GOAL OF THE EXERCISE: Copy nothing but the lines below, from the one with "Urban Deca Tower at Mandaluyong - 8" through the one with "BMW X3 BMW X3", exactly as written; no pictures should appear.

SOURCE MATERIAL:

■ ■ ■ ■ ■ ■ ■

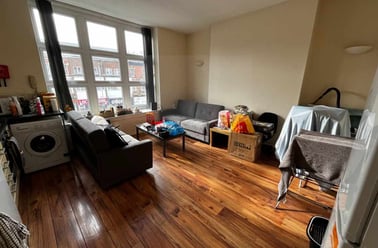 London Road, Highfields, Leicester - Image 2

■ ■ ■ ■ ■ ■ ■

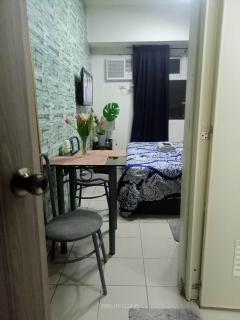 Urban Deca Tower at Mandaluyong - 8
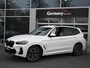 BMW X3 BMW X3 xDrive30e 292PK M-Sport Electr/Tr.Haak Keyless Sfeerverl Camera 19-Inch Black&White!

■ ■ ■ ■ ■ ■ ■

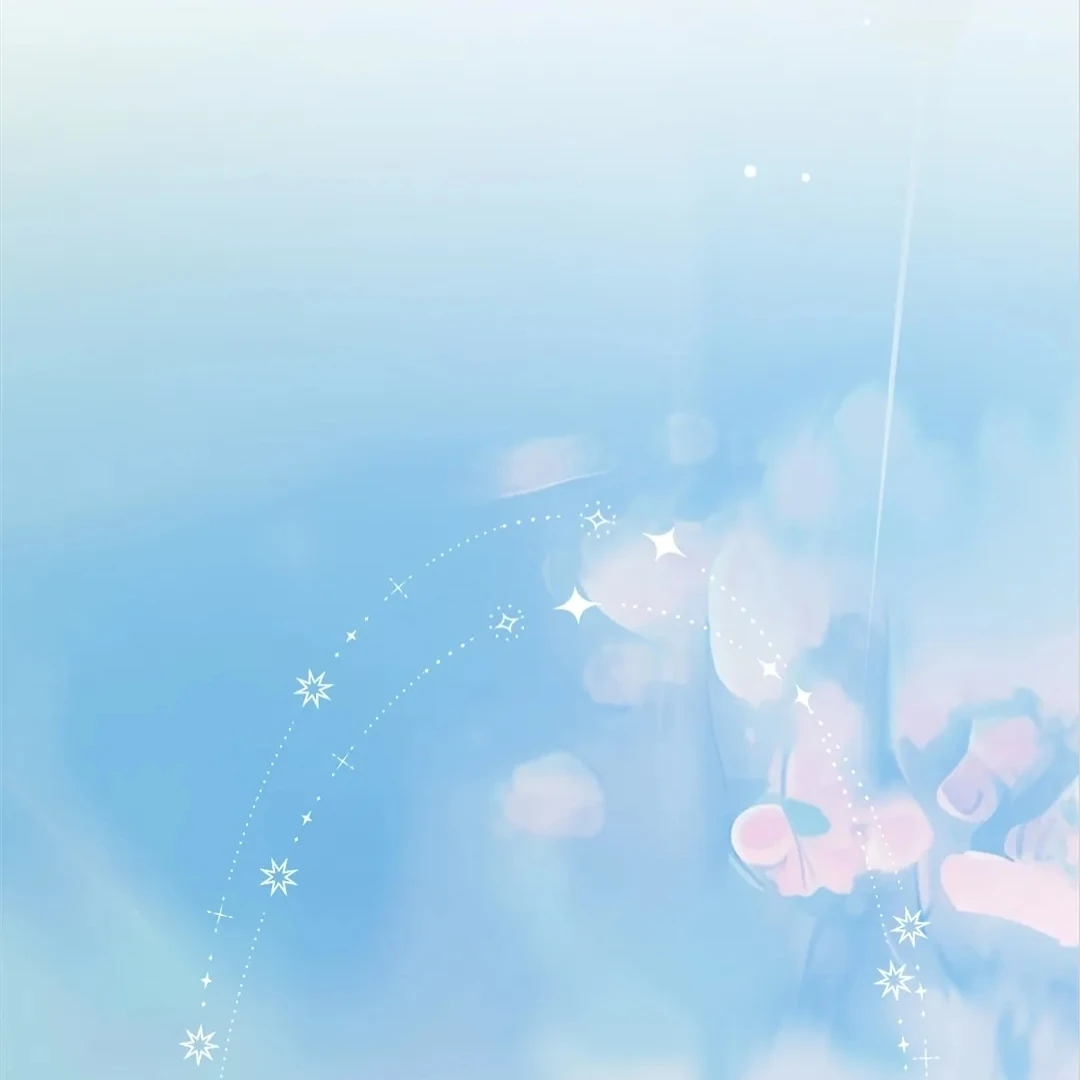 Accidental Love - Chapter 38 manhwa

■ ■ ■ ■ ■ ■ ■

RESPONSE:
 Urban Deca Tower at Mandaluyong - 8
 BMW X3 BMW X3 xDrive30e 292PK M-Sport Electr/Tr.Haak Keyless Sfeerverl Camera 19-Inch Black&White!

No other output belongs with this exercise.